— Supplied records —
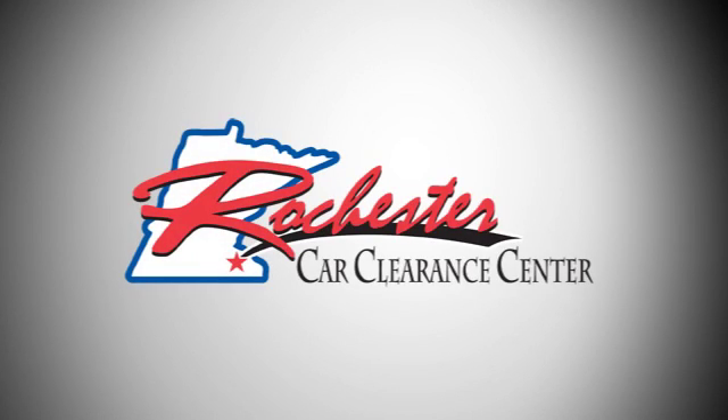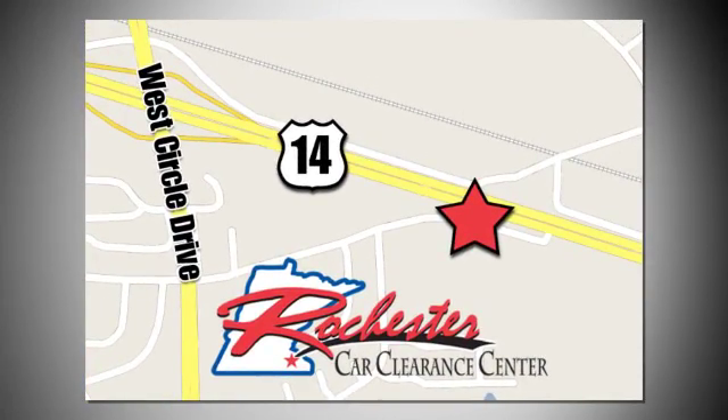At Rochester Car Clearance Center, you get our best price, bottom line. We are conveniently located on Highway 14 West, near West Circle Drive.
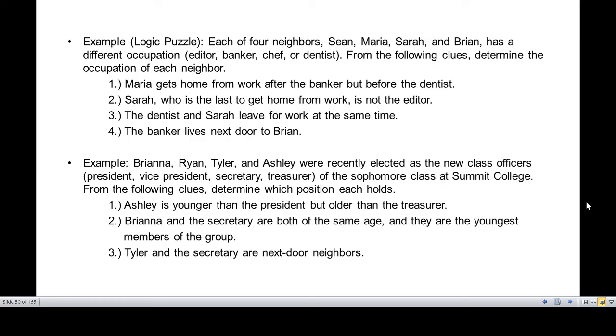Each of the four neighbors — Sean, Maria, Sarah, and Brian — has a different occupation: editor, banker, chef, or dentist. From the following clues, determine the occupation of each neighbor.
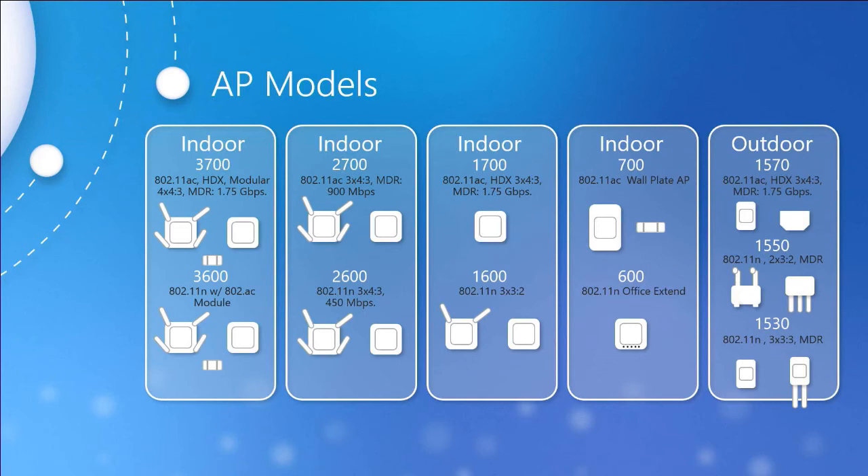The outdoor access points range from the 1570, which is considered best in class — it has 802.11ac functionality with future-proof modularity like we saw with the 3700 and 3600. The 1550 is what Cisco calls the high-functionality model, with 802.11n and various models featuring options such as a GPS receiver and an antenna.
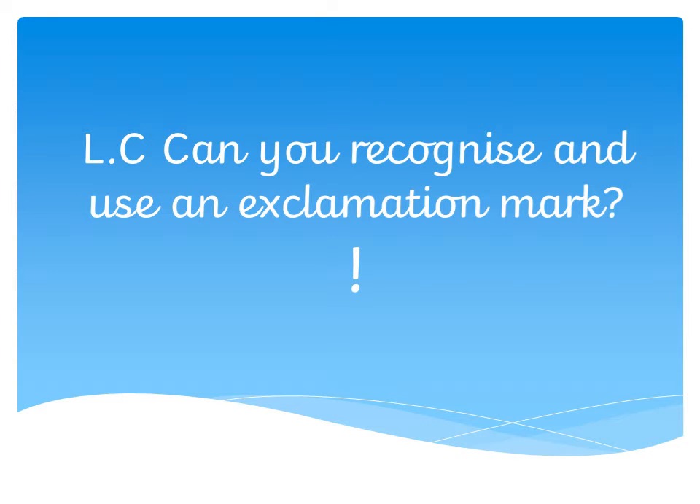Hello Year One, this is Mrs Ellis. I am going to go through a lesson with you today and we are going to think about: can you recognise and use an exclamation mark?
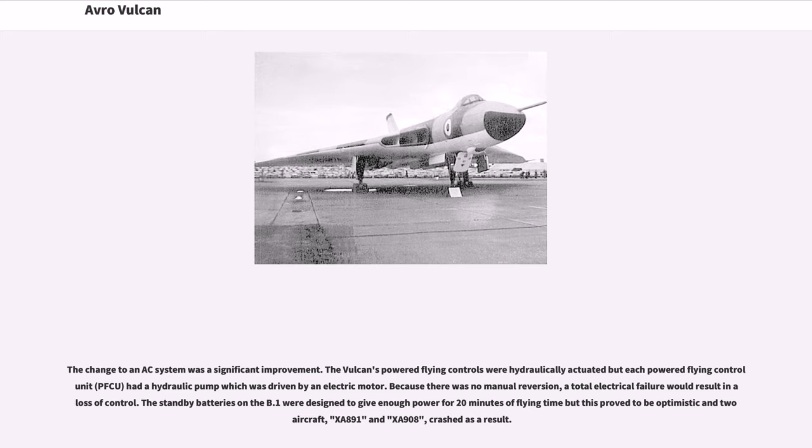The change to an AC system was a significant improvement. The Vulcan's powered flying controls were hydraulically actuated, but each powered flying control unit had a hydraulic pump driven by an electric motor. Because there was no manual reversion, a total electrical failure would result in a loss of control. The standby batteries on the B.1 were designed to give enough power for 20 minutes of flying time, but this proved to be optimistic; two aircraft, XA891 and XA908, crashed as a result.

--

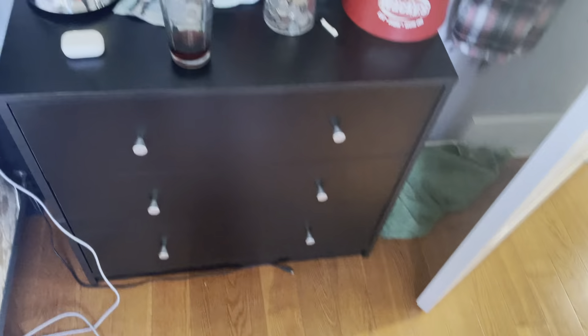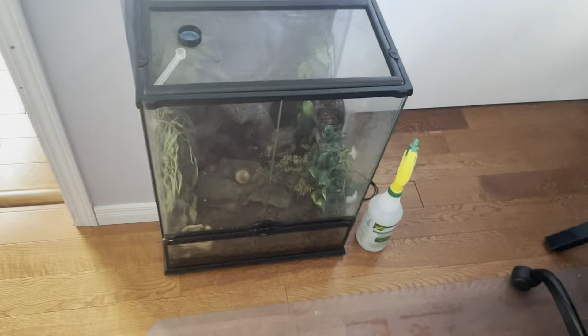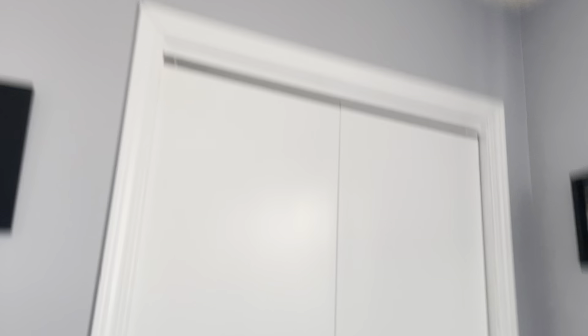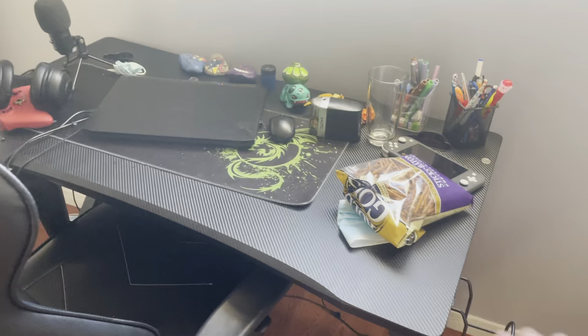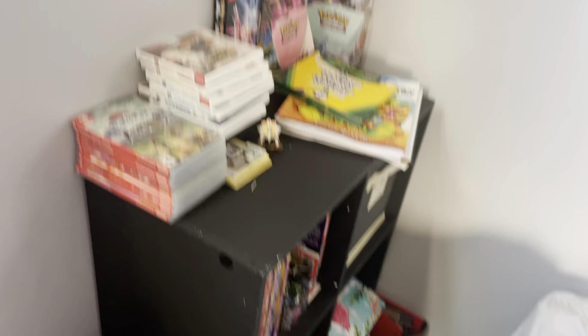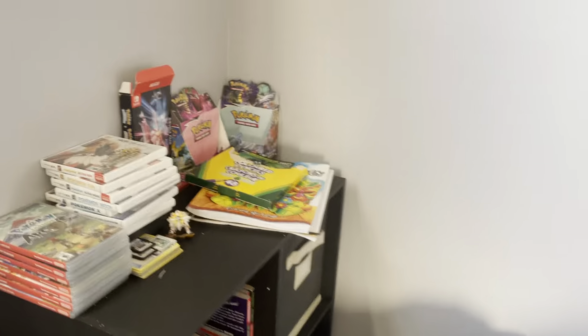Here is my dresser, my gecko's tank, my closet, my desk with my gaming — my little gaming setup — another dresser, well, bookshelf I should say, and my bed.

— The problem —
Above are the records; copy exactly the lines from the one with "At Rochester Car" through the one with "Hello Year One, this", including both, and nothing more. Leave out pictures.

— Exercise output —
At Rochester Car Clearance Center, you get our best price, bottom line. We are conveniently located on Highway 14 West, near West Circle Drive.
Each of the four neighbors — Sean, Maria, Sarah, and Brian — has a different occupation: editor, banker, chef, or dentist. From the following clues, determine the occupation of each neighbor.
The outdoor access points range from the 1570, which is considered best in class — it has 802.11ac functionality with future-proof modularity like we saw with the 3700 and 3600. The 1550 is what Cisco calls the high-functionality model, with 802.11n and various models featuring options such as a GPS receiver and an antenna.
Hello Year One, this is Mrs Ellis. I am going to go through a lesson with you today and we are going to think about: can you recognise and use an exclamation mark?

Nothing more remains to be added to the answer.